How does calculation in a GRU layer take place

Question

So I want to understand exactly how the outputs and hidden state of a GRU cell are calculated.

I obtained the pre-trained model from here and the GRU layer has been defined as nn.GRU(96, 96, bias=True).

I looked at the the PyTorch Documentation and confirmed the dimensions of the weights and bias as:

• weight_ih_l0: (288, 96)
• weight_hh_l0: (288, 96)
• bias_ih_l0: (288)
• bias_hh_l0: (288)

My input size and output size are (1000, 8, 96). I understand that there are 1000 tensors, each of size (8, 96). The hidden state is (1, 8, 96), which is one tensor of size (8, 96).

I have also printed the variable batch_first and found it to be False. This means that:

• Sequence length: L=1000
• Batch size: B=8
• Input size: Hin=96
  

Now going by the equations from the documentation, for the reset gate, I need to multiply the weight by the input x. But my weights are 2-dimensions and my input has three dimensions.

Here is what I've tried, I took the first (8, 96) matrix from my input and multiplied it with the transpose of my weight matrix:

Input (8, 96) x Weight (96, 288) = (8, 288)

Then I add the bias by replicating the (288) eight times to give (8, 288). This would give the size of r(t) as (8, 288). Similarly, z(t) would also be (8, 288).

This r(t) is used in n(t), since Hadamard product is used, both the matrices being multiplied have to be the same size that is (8, 288).

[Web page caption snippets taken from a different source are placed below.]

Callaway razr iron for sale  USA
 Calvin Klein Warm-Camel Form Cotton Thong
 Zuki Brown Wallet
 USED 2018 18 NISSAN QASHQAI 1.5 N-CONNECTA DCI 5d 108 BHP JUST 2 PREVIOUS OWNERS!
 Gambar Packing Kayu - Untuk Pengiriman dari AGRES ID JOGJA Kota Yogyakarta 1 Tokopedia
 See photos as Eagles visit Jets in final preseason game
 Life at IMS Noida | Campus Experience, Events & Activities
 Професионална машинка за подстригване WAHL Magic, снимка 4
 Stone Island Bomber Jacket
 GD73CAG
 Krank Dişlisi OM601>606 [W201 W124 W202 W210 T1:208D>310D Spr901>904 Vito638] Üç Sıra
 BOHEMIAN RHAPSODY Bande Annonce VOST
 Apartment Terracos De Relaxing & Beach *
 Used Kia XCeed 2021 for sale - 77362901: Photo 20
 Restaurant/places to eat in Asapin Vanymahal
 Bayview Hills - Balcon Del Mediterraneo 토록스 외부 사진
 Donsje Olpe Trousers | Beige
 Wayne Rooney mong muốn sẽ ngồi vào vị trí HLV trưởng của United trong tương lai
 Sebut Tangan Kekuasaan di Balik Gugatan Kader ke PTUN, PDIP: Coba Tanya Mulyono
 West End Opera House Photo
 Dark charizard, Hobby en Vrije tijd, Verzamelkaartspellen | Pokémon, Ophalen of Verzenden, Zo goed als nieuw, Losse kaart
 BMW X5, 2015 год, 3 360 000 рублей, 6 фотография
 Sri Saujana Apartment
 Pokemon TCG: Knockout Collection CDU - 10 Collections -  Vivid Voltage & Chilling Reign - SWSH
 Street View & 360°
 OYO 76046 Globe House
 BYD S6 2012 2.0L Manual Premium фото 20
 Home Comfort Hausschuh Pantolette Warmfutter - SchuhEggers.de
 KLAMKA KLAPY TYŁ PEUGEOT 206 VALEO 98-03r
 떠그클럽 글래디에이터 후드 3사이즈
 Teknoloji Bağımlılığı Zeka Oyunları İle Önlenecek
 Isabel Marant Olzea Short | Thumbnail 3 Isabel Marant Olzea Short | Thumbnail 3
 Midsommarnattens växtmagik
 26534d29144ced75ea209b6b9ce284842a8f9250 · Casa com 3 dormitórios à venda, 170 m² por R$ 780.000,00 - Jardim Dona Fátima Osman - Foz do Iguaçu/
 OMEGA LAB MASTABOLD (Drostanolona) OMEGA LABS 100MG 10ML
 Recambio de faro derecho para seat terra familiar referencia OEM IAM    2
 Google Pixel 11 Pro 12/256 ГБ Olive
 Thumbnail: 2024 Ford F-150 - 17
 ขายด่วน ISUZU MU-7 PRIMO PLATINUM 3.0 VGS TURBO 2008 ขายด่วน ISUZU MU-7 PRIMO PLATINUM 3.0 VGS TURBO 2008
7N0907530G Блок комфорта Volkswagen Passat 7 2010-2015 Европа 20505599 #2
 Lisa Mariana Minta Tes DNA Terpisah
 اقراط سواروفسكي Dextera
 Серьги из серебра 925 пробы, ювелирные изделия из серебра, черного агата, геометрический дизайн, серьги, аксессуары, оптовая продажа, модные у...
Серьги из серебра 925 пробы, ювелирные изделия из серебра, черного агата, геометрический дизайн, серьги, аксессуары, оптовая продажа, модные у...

This implies that n(t) is also (8, 288).

Finally, h(t) is the Hadamard produce and matrix addition, which would give the size of h(t) as (8, 288) which is wrong.

Where am I going wrong in this process?

Answer 1

TLDR; This confusion comes from the fact that the weights of the layer are the concatenation of input_hidden and hidden-hidden respectively.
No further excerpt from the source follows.